5- DİJİTALLEŞME İŞSİZLİĞİ ARTIRACAK, ÜCRETLERİ DÜŞÜRECEK: Dijitalleşmedeki artış, ekonomik bozulmayı artıracak. Milyonlarca insan işini kaybederken, milyonlarca kişinin de ücretleri düşecek. Gelir ve servet eşitsizliği artacak. Arz zincirindeki şoklara karşı gelişmiş ekonomiler, üretimi düşük maliyetli bölgelerden yüksek maliyetli kendi ülkelerine çekecek. Ancak bu durum, otomasyonu artıracak ve bu durum ücretler üzerinde aşağı yönlü baskı oluşturacak. Popülizm, milliyetçilik ve yabancı düşmanlığı artacak.
6- KORUMACILIK İÇİN KISITLAMALAR SIKILAŞACAK: Altıncı faktör, küreselleşmenin geri çevrilmesi. Salgın, balkanlaştırma ve parçalama eğilimlerini hızlandıracak. ABD ve Çin, daha hızlı ayrışacak. Birçok ülke korumacılık önlemlerini artıracak. Salgın sonrasında ürünlerin, hizmetlerin, sermayenin, emeğin, teknolojinin, verinin ve bilginin dolaşımı üzerindeki kısıtlamalar sıkılaşacak.
7- POPÜLİZM YÜKSELECEK: Popülist liderler, ekonomik zayıflıktan, kitlesel işsizlikten ve artan eşitsizlikten çoğu örnekte faydalanıyor. Artan ekonomik güvensizlik ortamında, krizin sorumlusu olarak yabancıları gösterme eğilimi güçlenecek. Mavi yakalı işçiler ve orta sınıfın geniş kesimleri, ticaret ve mülteciler konusundaki kısıtlama önerileri başta olmak üzere popülist söyleme daha duyarlı hale gelecek.

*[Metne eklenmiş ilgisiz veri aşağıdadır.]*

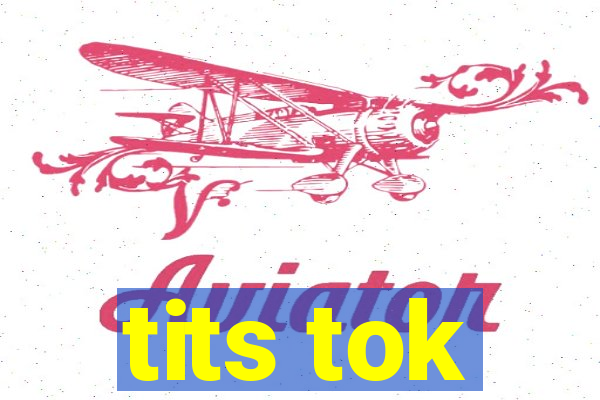 tits tok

8- ABD İLE ÇİN ARASINDAKİ AYRIŞMA ŞİDDETLENECEK: ABD ile Çin arasındaki jeostratejik ayrılık artacak. İki ülke arasında ticaret, teknoloji, yatırım, bilgi ve para politikalarındaki ayrışma şiddetlenecek.
9- SİBER SAVAŞ VE ASKERİ ÇATIŞMALAR OLABİLİR: Diplomatik ayrılıklar, ABD ile rakipleri Çin, Rusya, İran ve Kuzey Kore arasında yeni bir soğuk savaşa neden olacak. ABD başkanlık seçimlerinin yaklaşmasıyla, siber savaş riski artıyor ve bu durum askeri çatışmaya bile dönüşebilir. Teknoloji, geleceğin endüstrilerinin kontrolünde ve salgınlarla mücadelede kilit silah olduğu için, ABD’de özel teknoloji şirketleri giderek ulusal güvenlik sisteminin daha fazla parçası haline gelecek.
10- 2030’LARDA BELKİ ÇÖZÜLEBİLİR: Son risk ise, bir finansal krizden çok daha fazla ekonomik tahribat yaratabilecek olan çevresel bozulma. Salgınlar gibi iklim krizi de insanların neden olduğu felaketler. Zayıf sağlık ve hijyen standartları, doğal sistemlere zarar verilmesi, bu felaketlere yol açıyor. Bu 10 risk, küresel ekonomiyi umutsuz bir 10 yıla sürükleyebilecek kusursuz bir fırtınaya neden olabilir. 2030’larda teknoloji ve daha becerikli siyasi liderlikler, bu sorunları belki azaltabilir ya da çözebilir.